The fact remains that the two most commented topics in Apple Discussions at regarding Aperture are speed (Aperture is too slow with most machine configurations - even on the Mac Pro) and the fact that some of the most popular cameras from Sony and Panasonic (and others) are not supported - many of these can claim to be semi-professional models likely to be used by pros at the weekend. A huge market opportunity is being missed here and, of course, Apple remains silent.

Whoever at O'Reilly is doing the Joe Schorr interviews (the first one was excellent - thank you) needs to push him on these points.

James Duncan Davidson
2006-11-07 19:18:27
Thanks for the tip! I'd noticed the vertical lines on a few images a few weeks back and was hoping I wasn't going to run into this problem while at Web 2.0. With the update installed, I'll be breathing a bit easier when exporting out JPGs.
Allen Rockwell
2006-11-07 23:20:01
Thanks a lot for the update Ben. I noticed the vertical line problem at export today on my MacBookPro, haven't checked on my dual G5 yet. I'll get the update straight away.
2006-11-08 00:55:15
It's great to seew that Apple is taking a quicker approach to update support for new cameras. However, I'm wondering whether or when Apple will support Leica cameras which definitely belong to the professional cameras (Aperture is ought te be e pro's tool...). There is a big hype just now because of the release of the new Leica M8 digital. We learned from Apple that they ignored the Leica DMR for the R8/R9 already a year or so. So may be they are not planning to support Leica due to its niche situation?

Does anybody know about the update policy Apple has?


2006-11-14 04:42:51
Leica's M8 raw format is DNG. Perhaps we are beginning to see a standard. In theory, this should work with Aperture on Intel based Macs with the new update.

"Digital Camera Raw Support Update 1.0, a universal binary update that adds support ... DNG compatibility on Intel-based Macs."

2006-11-17 08:31:12
The M8 dng format is not supported on Aperture 1.5.1 and neither the update on the raw format is supporting it.

2006-11-28 14:35:27
say, there. i used aperture to import my nikon d70 raw files from picture project, however, once they are imported, i get a message saying the files are an unsupported image format and cannot see the thumbnails. does anyone have any idea what's up? thanks.
Ben Long
2006-11-28 14:45:32
Hey Gigi, are you running the very latest version of Aperture?
2007-01-17 21:21:41
I'm relatively new to Aperture and have a love-hate relationship with the product. It is nice to see Apple is making progress on some crucial needs of Aperture users.
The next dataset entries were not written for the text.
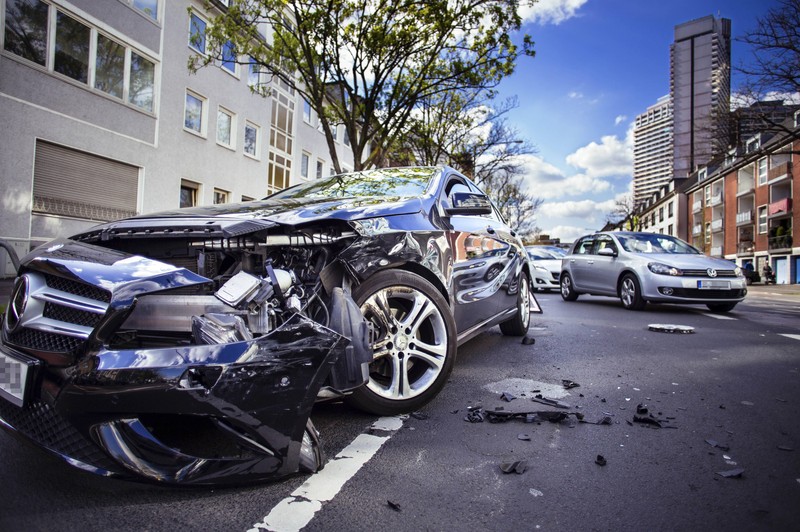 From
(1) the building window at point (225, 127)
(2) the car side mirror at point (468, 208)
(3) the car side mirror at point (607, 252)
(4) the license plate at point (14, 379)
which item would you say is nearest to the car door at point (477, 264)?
(2) the car side mirror at point (468, 208)

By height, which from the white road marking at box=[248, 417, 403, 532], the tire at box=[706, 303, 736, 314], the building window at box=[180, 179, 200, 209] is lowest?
the white road marking at box=[248, 417, 403, 532]

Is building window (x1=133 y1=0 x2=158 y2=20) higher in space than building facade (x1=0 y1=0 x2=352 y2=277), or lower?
higher

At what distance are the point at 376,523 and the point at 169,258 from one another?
1476mm

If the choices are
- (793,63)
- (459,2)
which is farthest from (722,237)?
(459,2)

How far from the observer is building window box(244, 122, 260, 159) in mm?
19844

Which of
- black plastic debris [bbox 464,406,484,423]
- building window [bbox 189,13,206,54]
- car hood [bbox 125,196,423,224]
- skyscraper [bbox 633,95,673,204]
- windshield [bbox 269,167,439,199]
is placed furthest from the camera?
skyscraper [bbox 633,95,673,204]

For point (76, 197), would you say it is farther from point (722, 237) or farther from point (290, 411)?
point (722, 237)

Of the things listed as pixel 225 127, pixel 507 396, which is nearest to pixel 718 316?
pixel 507 396

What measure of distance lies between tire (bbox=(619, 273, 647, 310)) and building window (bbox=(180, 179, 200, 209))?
44.4 feet

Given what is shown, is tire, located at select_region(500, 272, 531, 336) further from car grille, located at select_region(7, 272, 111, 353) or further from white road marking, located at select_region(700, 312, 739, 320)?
car grille, located at select_region(7, 272, 111, 353)

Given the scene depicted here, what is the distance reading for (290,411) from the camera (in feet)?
5.94

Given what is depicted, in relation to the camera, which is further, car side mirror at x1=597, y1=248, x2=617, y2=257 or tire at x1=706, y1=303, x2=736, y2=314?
car side mirror at x1=597, y1=248, x2=617, y2=257

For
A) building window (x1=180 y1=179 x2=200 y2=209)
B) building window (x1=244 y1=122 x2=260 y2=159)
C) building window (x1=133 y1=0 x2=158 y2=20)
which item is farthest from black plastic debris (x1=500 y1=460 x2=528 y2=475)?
building window (x1=244 y1=122 x2=260 y2=159)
The Apple engineering dilemma that you nicely described, while real, should not be users' concern.

In fact Apple's desire to streamline it's engineering efforts has led them to some wrong assumptions and costly mistakes. The best example of "bad" assumptions is that the initial release of Aperture did not support referenced files. I guess Apple assumed that photographers with large library of images can not wait to throw them into the Aperture library! Fortunately that has been fixed nicely. The second poor assumption was to attach RAW update support to Core Image processor (OS releases.) New cameras are introduced all the time and Apple needs to be as responsive as Adobe in supporting various RAW formats. I should be free to choose my next camera instead of leaving that decision to Apple. Again, Apple seems to be addressing this issue as we speak. Finally, Apple must support linear DNG (with all it's flaws.) This goes back to the first assumption. Does Apple think people with large library of DNG files will move to Aperture and leave all that work behind? Aperture development team will be well served to stop thinking what is convenient for them and focus on what is convenient for the users

2007-02-10 14:38:47
Why doesn´t Aperture support Panasonic Lumix DMC-LX1 raw format? The DMC-LX1 is a magnificent camera. And it´s raw-format produce beautiful pictures!